If you dont find anything in the logs, and once you’ve really made sure you are looking at the right stuck process. about the only thing I can think of is to monitor the qemu lifecycle events. Might be a clue there right before it freezes:
virsh qemu-monitor-event <your domain name> --loop --pretty
Next step, now that you’ve done some homework, would be to find out where the qemu devs hang out or what bug system they use and post there. They would likely ask you for the same info and more. A little googling led me here: Support - QEMU. Note, that the would require you to recreate the problem without the libvirt front-end so you would have to setup a test case using just the qemu command line. There are plenty of guides on that.
You could also simply try to boot a different distro than arch (I think I saw that was what you were running) and run your VM under that. As a rolling distro arch exposes you to more upstream bugs. Use a spare drive. Install a distro to it. Copy the VM’s domain.xml and qcow files to the new distro, edit the paths for your qcow disk files, etc. and you can quickly test whether arch is the problem. Better to run something like centos, debian, or ubuntu if you need more stability.

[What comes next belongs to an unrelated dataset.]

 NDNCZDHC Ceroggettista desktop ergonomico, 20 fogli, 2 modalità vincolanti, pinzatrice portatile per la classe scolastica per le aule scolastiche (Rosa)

Good luck and post back to this thread if you resolve it.
So I’m currently waiting for a crash again, but I may have fixed the issue. My VM has been running fine with no issue for 12 hours now since I switched from the passthrough’d NIC to the virtual network.
Last time I said I thought I fixed it, it crashed an hour later, so worst case scenario here I get to keep digging!
If it is the NIC, I’m going to try and replicate it and report to the qemu devs as it would be nice to get that resolved.
OR… I just happened across a package I never installed on my host: qemu-arch-extra
I don’t recall if I had that on my previous host OS install, but I installed it last night, so that might have been the missing piece.
I know it isn’t good testing procedure to try 2 things at once, but it should be easy enough to change one variable and try again.
Regardless, I’m going to keep diving into debugging and learning about system calls and that entire process
No crash at all after 36 hours with the virtual NIC.
I disabled the virtual NIC. added back the physical ethernet port with vfio, and it hung after 3 hours.
So now I just need to figure out why
I have a somewhat similar issue, where the kernel occasionally panics (on the host, not the VM guest) on a AMD x570 system, when an HP NC552SFP NIC is present. If I remove the card, the system is stable, so it’s an incompatibility somewhere between this old NIC, new AMD chipset and IOMMU. Same NIC on a Intel Z370M system is fine.
Luckily in my case, the issue can surface only during the boot up process. If the process is successful, and the kernel doesn’t throw these random “amd-vi completion-wait loop timed out” errors, the system is stable. If it does happen, either immediately or hours later, the system will freeze after a bunch of stack crash dumps. And I found out that I can reduce the probability of this happening at bootup by installing the host OS in non-UEFI mode (CSM).
When your VM hangs, do you see any kernel errors in dmesg?